Un inmenso Hooper aniquila al Hearts

El delantero inglés fue la mejor arma para destruir a un indefenso Hearts. El Celtic acabó la temporada con un gran resultado que dejará con ganas de más a sus aficionados. Los visitantes esperan ahora la final de copa ante el Hibernian para levantar un título y acabar la temporada de forma positiva.
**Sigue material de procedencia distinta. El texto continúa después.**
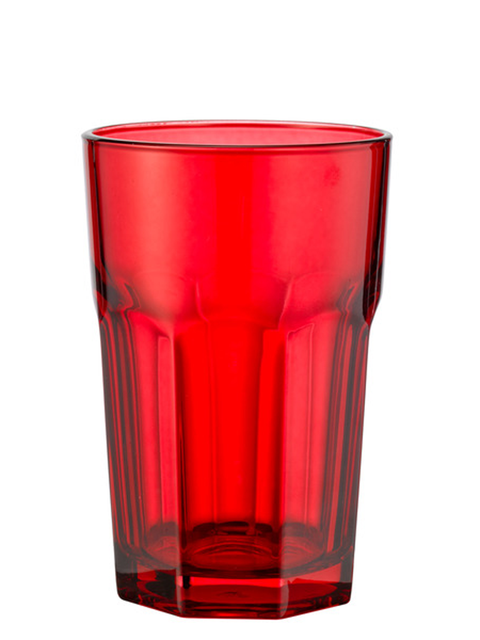 Red, Drinkware, Glass, Carmine, Maroon, Magenta, Highball glass, Coquelicot, Tumbler, Cylinder, 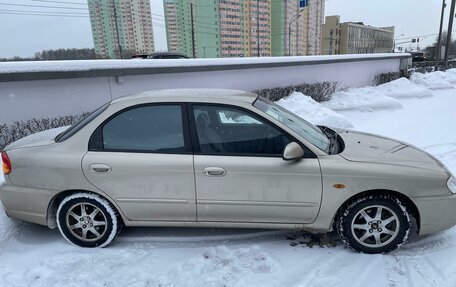 KIA Spectra II (LD), 2008 год, 415 000 рублей, 3 фотография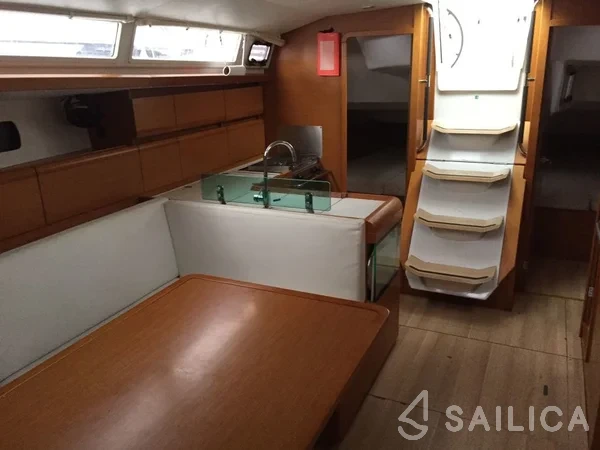 Sun Odyssey 449 - Yacht Charter Sailica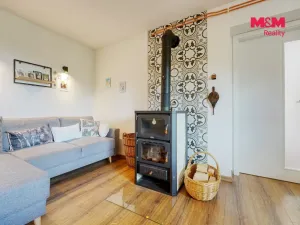 Prodej rodinného domu, Kramolín, 71 m2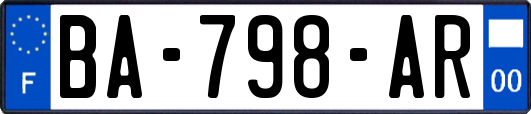 BA-798-AR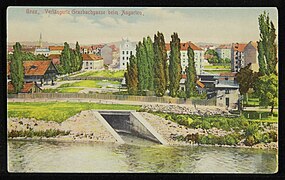 Grazbachmündung (1907)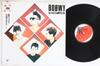 LP Пластинка BOOWY - Instant Love 28JAL3048 ЯПОНИЯ 1986 Япония Оби Японский Поп/Рок Б/У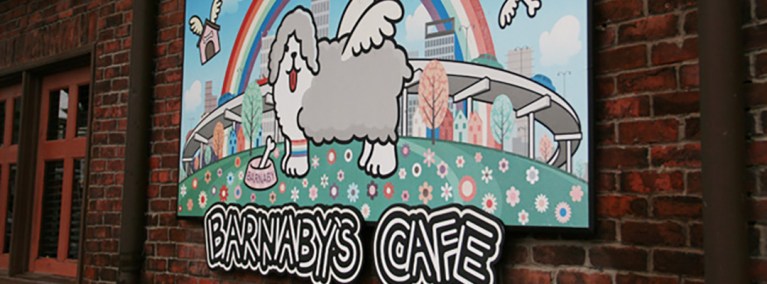 Barnaby’s Cafe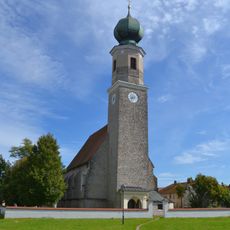 Wallfahrtskirche Unschuldige Kinder in Heiligenstatt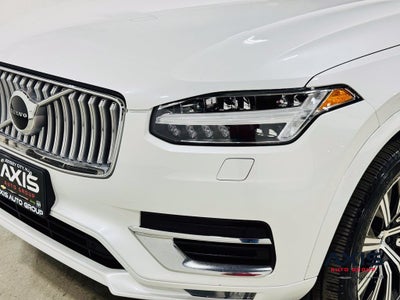 2021 Volvo XC90 T6 Inscription 6 Passenger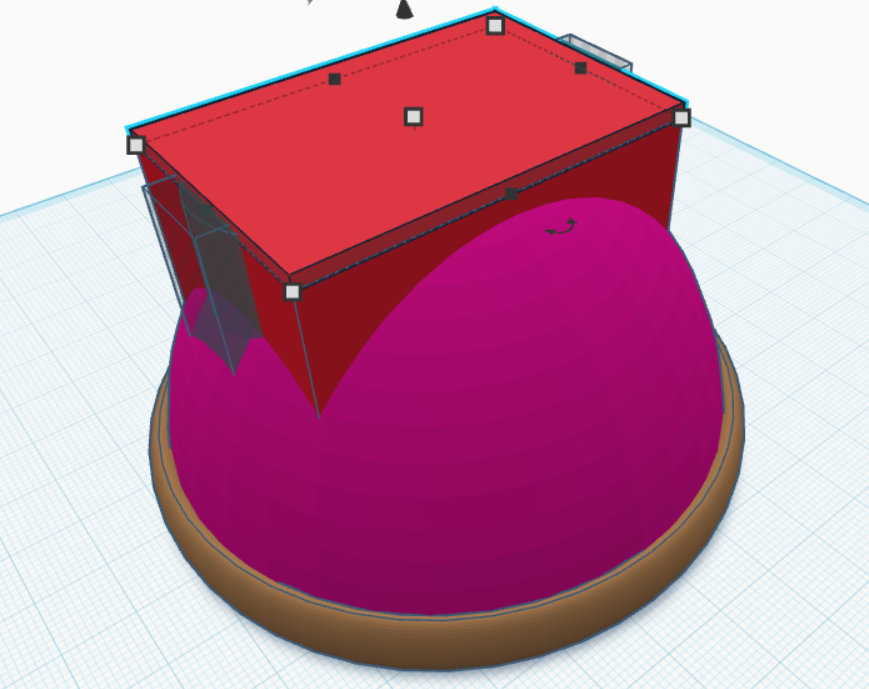 3D Design for Chopper's Seatv6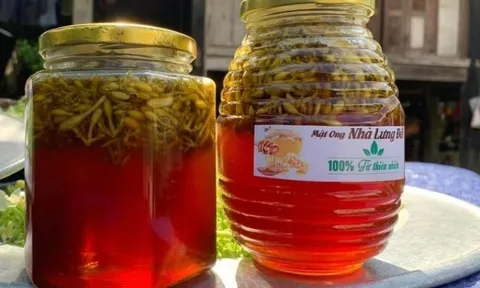 Nên uống hoa đu đủ đực ngâm mật ong lúc nào?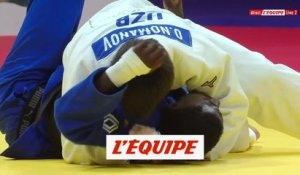 Le replay du combat de Joan-B. Gaba du 2e tour des - 73kg H - Judo - Mondiaux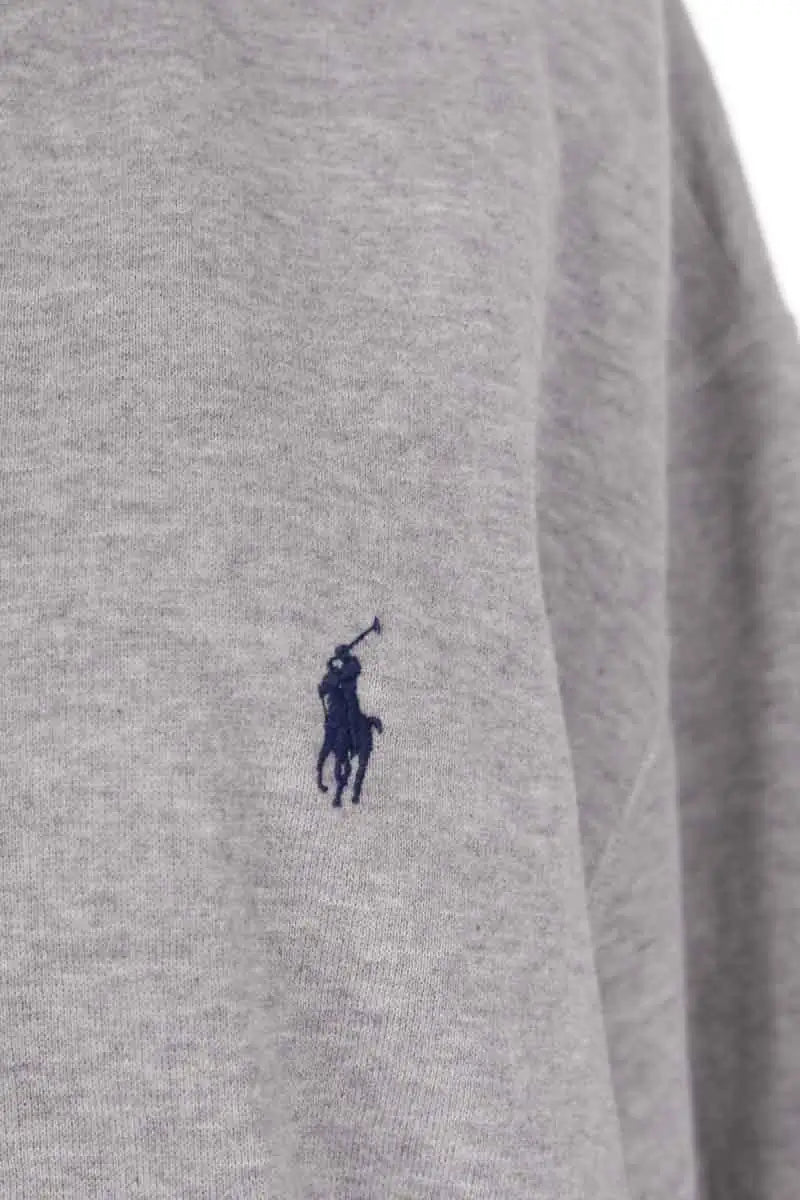 Gilet Ralph Lauren Gris en Coton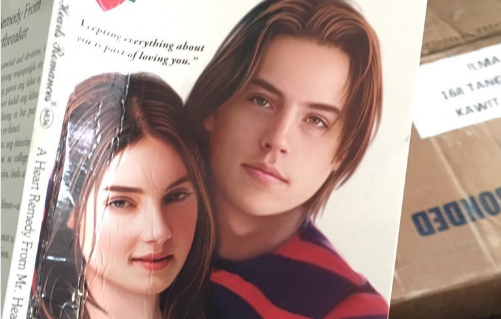 Cole Sprouse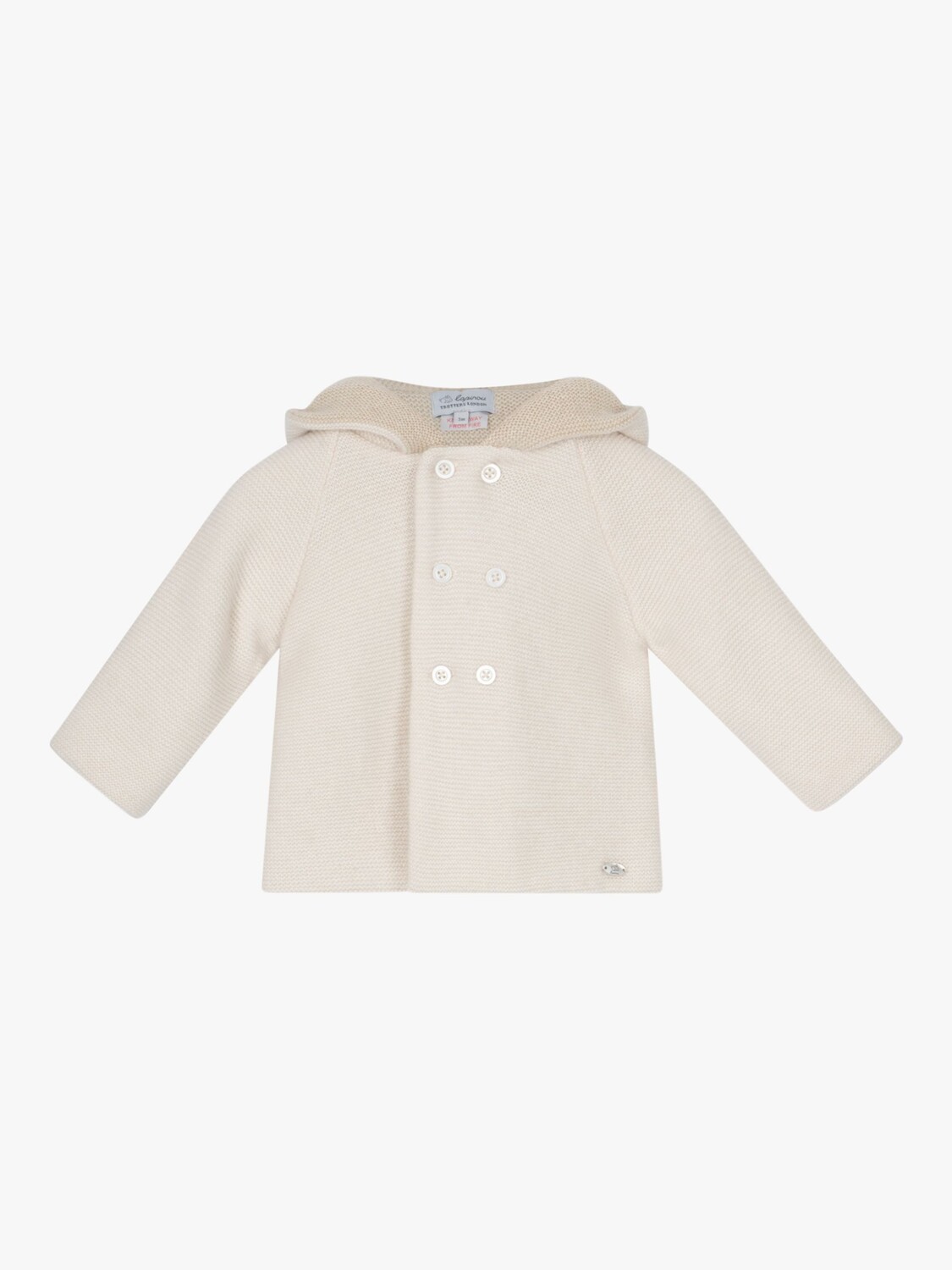 Тедди-пальто из детской шерсти и кашемира с капюшоном Trotters, от белого, Белый, Тедди-пальто из детской шерсти и кашемира с капюшоном Trotters, от белого
Тедди-пальто из детской шерсти и кашемира с капюшоном Trotters, от белого, Белый, Тедди-пальто из детской шерсти и кашемира с капюшоном Trotters, от белого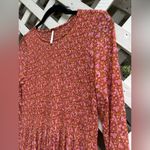 Free People Hello And Goodbye Mesh Midi Dress Photo 4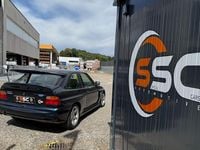 Usata Ford Escort RS 220 CV (161 kW) 1993 Verde Berlina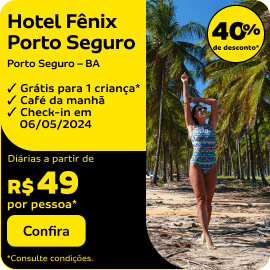 Hotel Fênix Porto Seguro
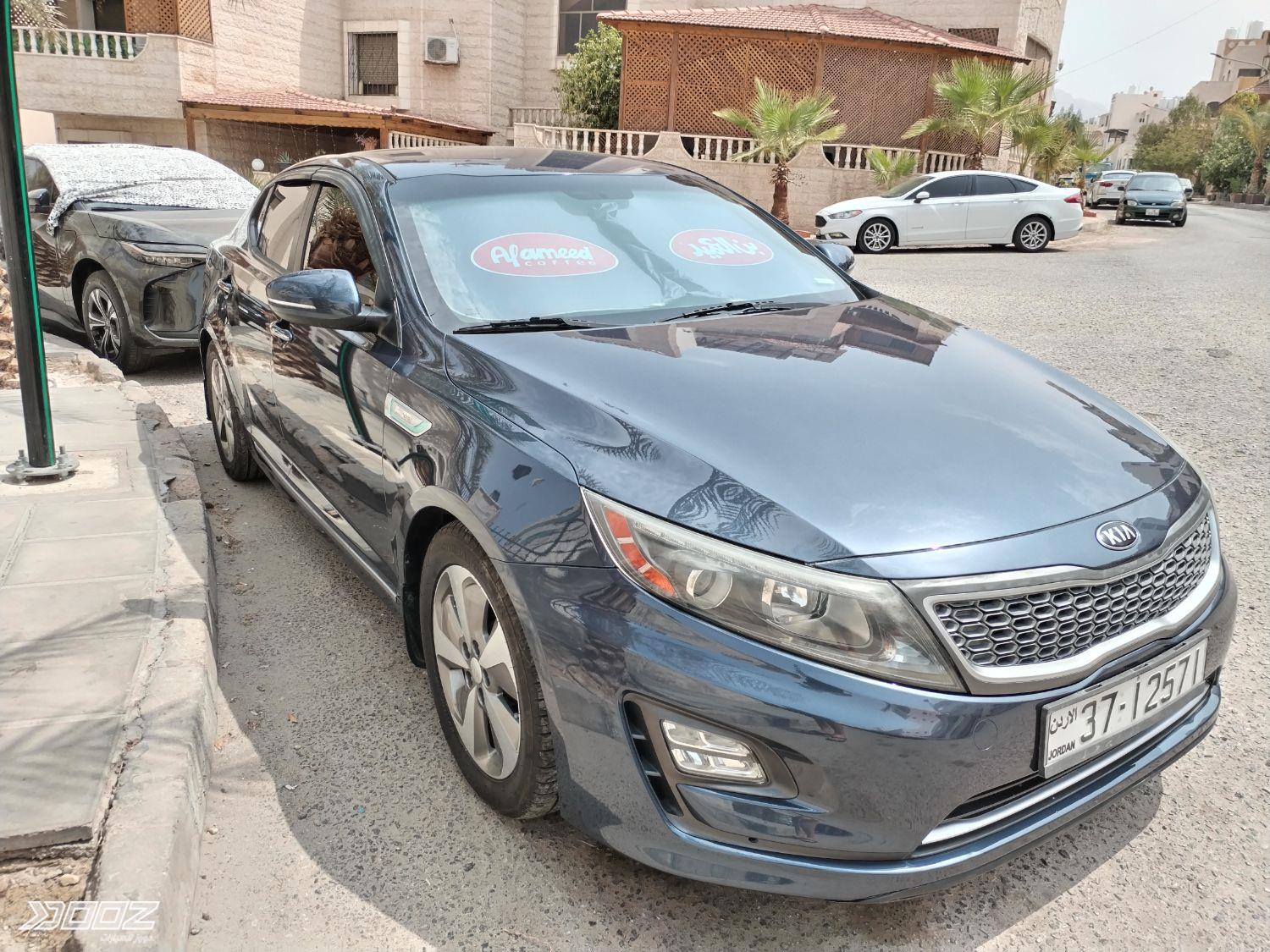 Kia Optima/K5 2015 for sale in Aqaba
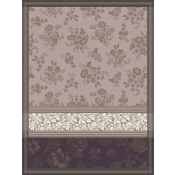 Le Jacquard Francais Romance Pink Tea Towel - Set 4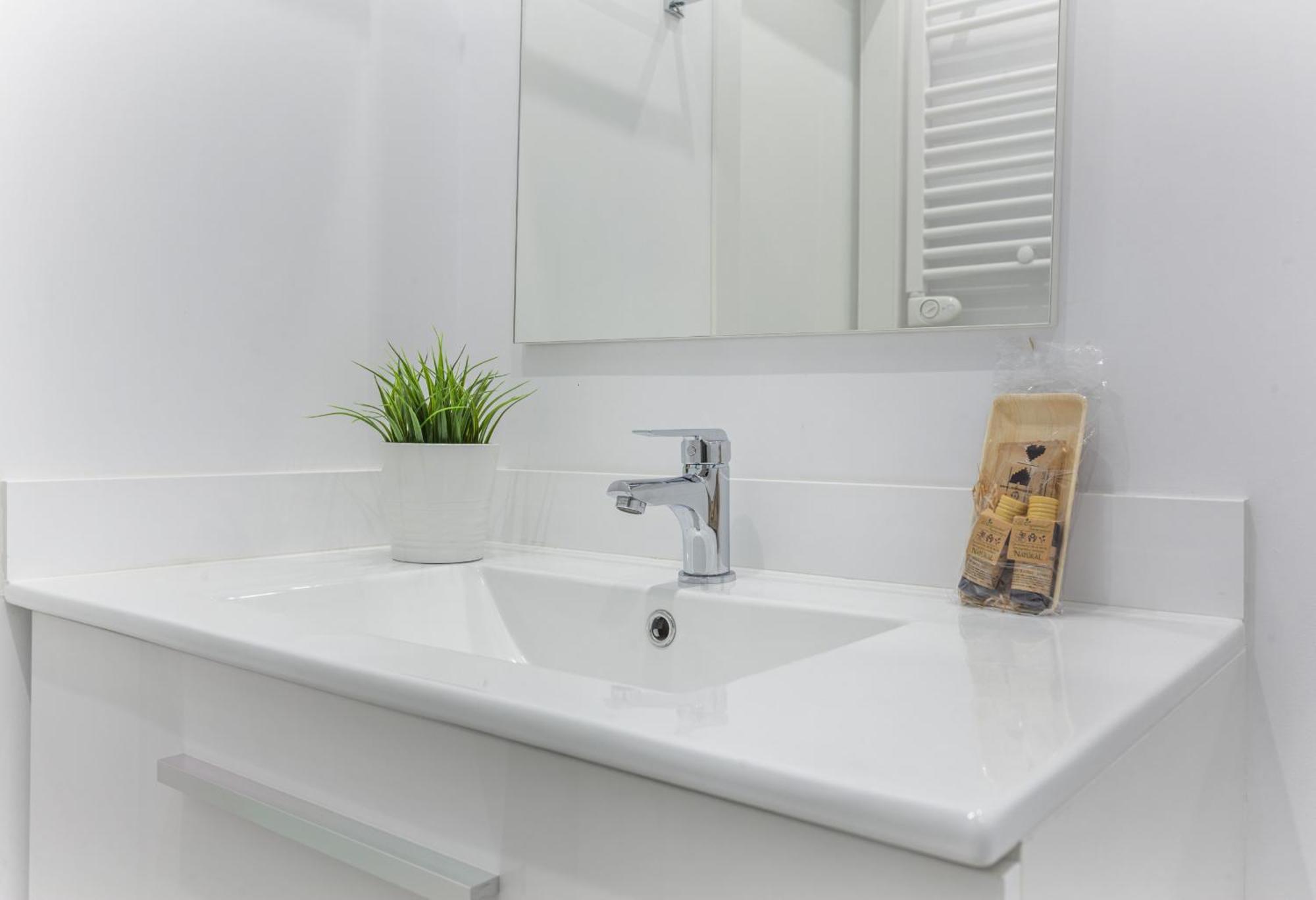 Apartamento Bernabeu Comfort En 마드리드 외부 사진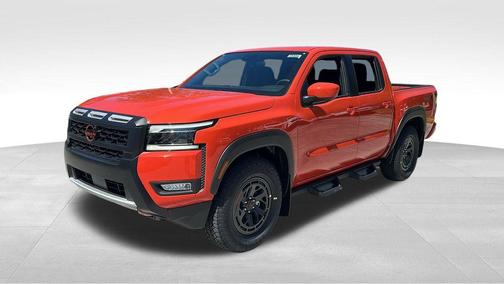 2025 Nissan Frontier PRO-X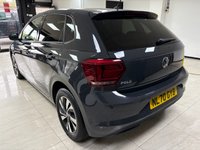 USED 2020 70 VOLKSWAGEN POLO 1.0 TSI Match Hatchback 5dr Petrol Manual Euro 6 (s/s) (95 ps) 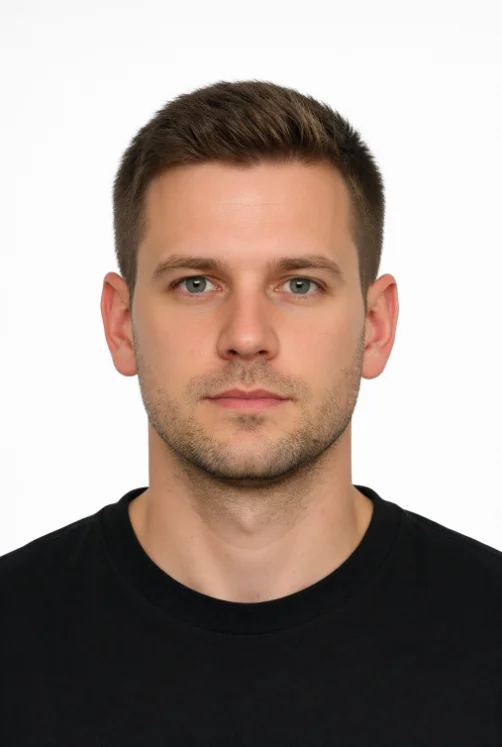 Glasses in passport photo rules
Scott Brown levantó una copa que no había pasado por Celtic Park en cuatro años.

Un inmenso Hooper aniquila al Hearts
Celtic
5
0
Hearts
Celtic: Forster, Wanyama, Loovens, Mulgrew; Matthews, Brown (Kayal, min.68), Ledley (McCourt, min.69), Izaguirre, Commons (Stokes, min.81); Hooper, Samaras.
Hearts: MacDonald, McGowan, Webster (Barr, min.83), Zaliukas, Grainger; Taouil (Prychynenko, min.13), Mrowiec, Novikovas (Holt, min.46): Templeton, Glen, Robinson.
MARCADOR: 1-0, min.5, Hooper. 2-0, min.9, Hooper. 3-0, min.39, Hooper (p). 4-0, min.66, Hooper. 50, Hooper, min.87.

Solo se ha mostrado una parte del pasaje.